(WHAT NEEDS TO BE DONE)
Exactly reproduce the lines of the listing below from the one containing "微商卖茶叶引流客源最快的方法,茶叶的微商引流技巧有哪些" through the one containing "UN Palestine Resolution". Skip the images.

(EXTRACTED ENTRIES)
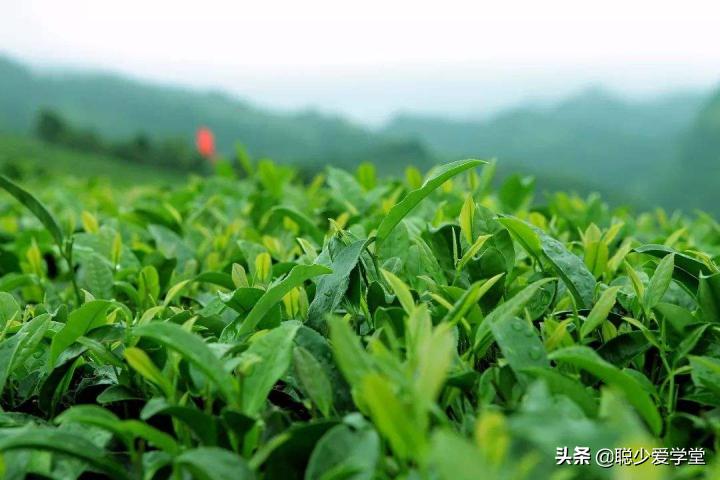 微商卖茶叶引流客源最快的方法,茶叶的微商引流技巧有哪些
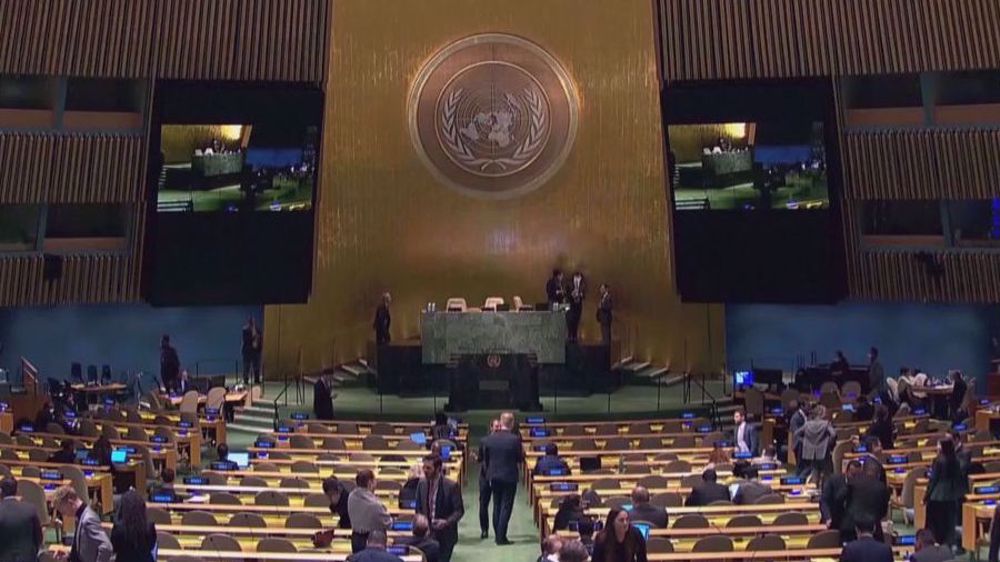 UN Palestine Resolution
...
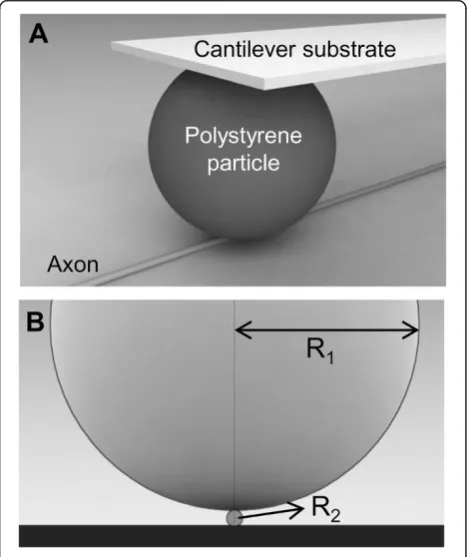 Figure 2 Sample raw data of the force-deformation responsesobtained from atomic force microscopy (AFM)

(WRITTEN SOLUTION)
 微商卖茶叶引流客源最快的方法,茶叶的微商引流技巧有哪些
 UN Palestine Resolution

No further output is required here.